Un pastor evangélico da muestras de odio y de intolerancia absoluta. Y para ello cuenta con los recursos y la habilidad para colocarse en las pantallas como un actor con cobertura mediática.
Primero fue en la peregrinación del Cristo del Consuelo y el viernes pasado en una iglesia de Guayaquil, a donde llegó con la férrea intención de derrumbar los símbolos católicos porque considera que son un insulto a su dios.
Tanta intolerancia ha indignado a otros evangelistas de la misma ciudad. Han expresado su rechazo por las acciones de ese pastor, pues consideran que el respeto que pide no lo ejerce.
Más allá de eso, hay en el fondo una corriente que no se puede dejar crecer porque generaría consecuencias imprevisibles.
Ya hemos visto que la incursión de ciertos pastores en la política, intentando imponer sus visiones de la vida y de la convivencia, denigrando a otros seres humanos por sus convicciones, elecciones y preferencias, ha sido nefasto para la consolidación de la democracia. Esos dirigentes y supuestos líderes que aspiran al poder político usando la religión como escalera, denigran el proceso de democratización. Pero sobre todo han cimentado acciones como las del pastor aludido. Ahora a la fuerza y con gran irrespeto quieren ingresar a una iglesia católica para imponer cómo ejercer la religiosidad y la espiritualidad.

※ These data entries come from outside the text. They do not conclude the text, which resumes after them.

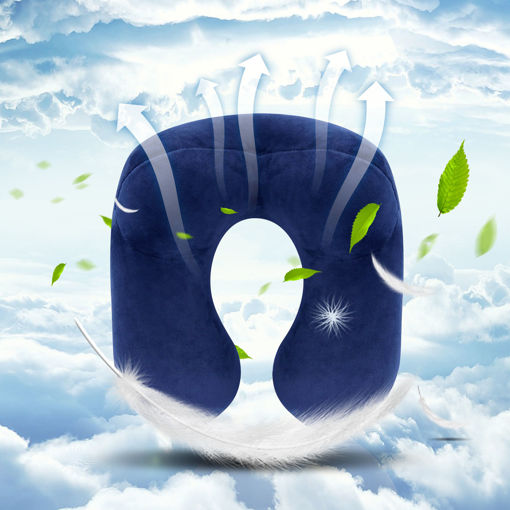Immagine di CAMTOA U Shaped Travel Pillow Car Air Flight Inflatable Pillows Neck Support Headrest Cushion Soft Nursing Cushion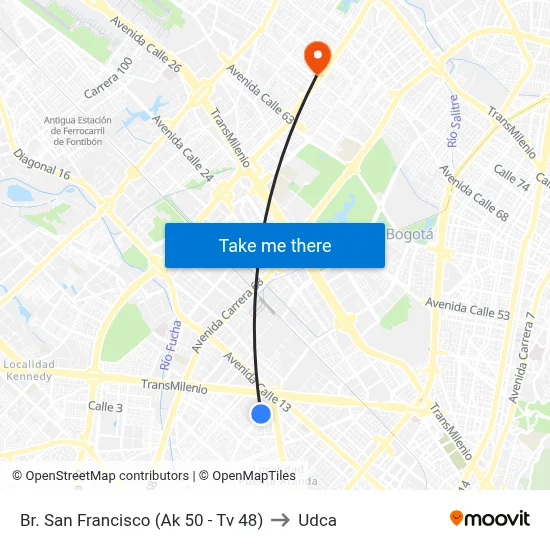 Br. San Francisco (Ak 50 - Tv 48) to Udca map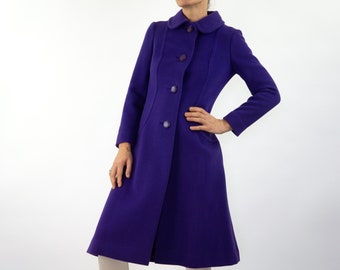 Vintage Wool Coat | 1960s | Purple A-Line Coat | Mod Coat | 4 Button Coat | Winter Coat | Tailor Made | Made in France | Size S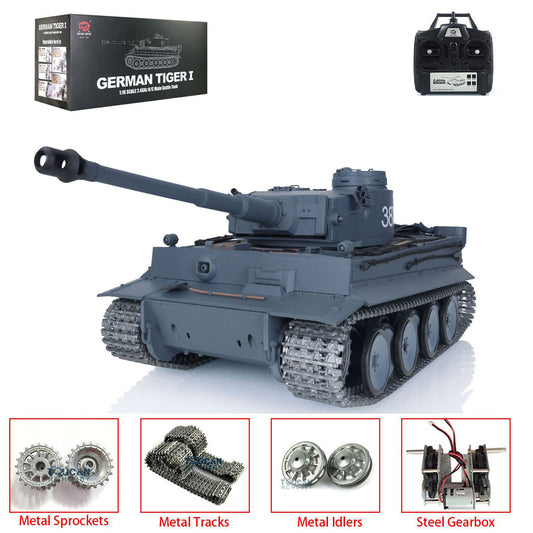7.0 Henglong 1/16 Upgraded Metal German Tiger I 3818 RTR RC Tank Barrel Recoil BB IR Sounds Lights Smoke Metal Tracks Drive Idler Wheels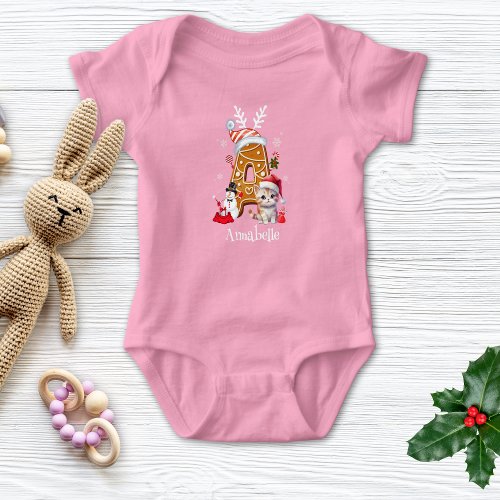 Festive Christmas Kitten Gingerbread Letter A Girl Baby Bodysuit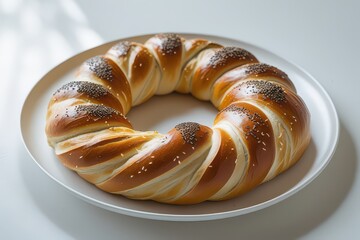 Baked Obwarzanek Krakowski bread ring on a white plate with sesame seeds and poppy seeds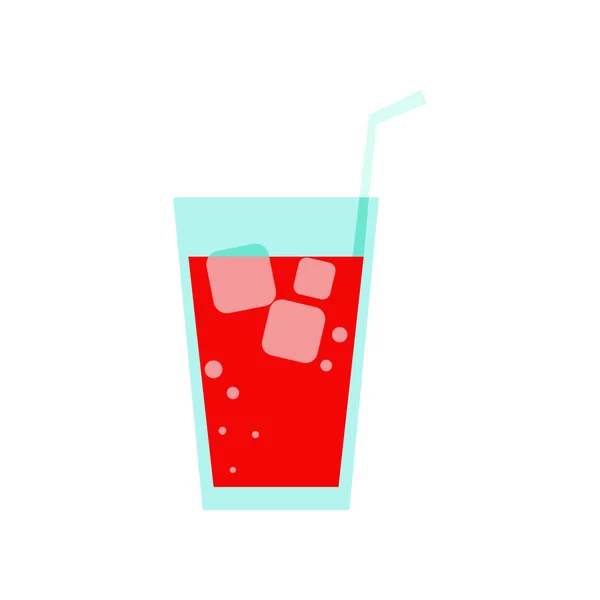 Fresh Strawberry Drink Simple Flat — Stock Vector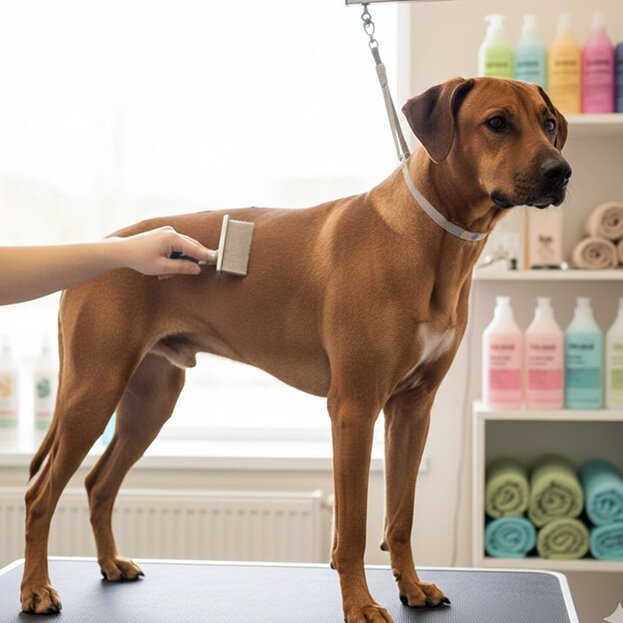 rhodesian ridgeback being groomed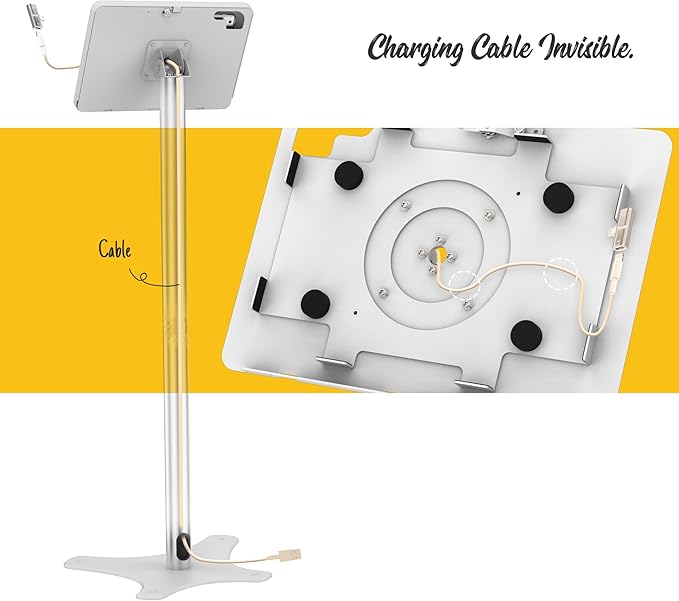 Tablet Floor Stand, Anti-Theft, Rotate Lockable Metal Tablet Enclosure+Aluminum - Image 6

Algunos sectores políticos dirán que este es un asunto particular, pero tal como se están dando las cosas es urgente la intervención del Estado. Primero para provocar un diálogo claro de los principios constitucionales que rigen la convivencia nacional y luego para estimular el respeto. Caso contrario, en la práctica, habrá que sancionar esta incitación al odio, que está contemplada en nuestra jurisdicción. Esa será la única manera de frenar un “delirante” deseo de imponerse por la fuerza a un otro distinto.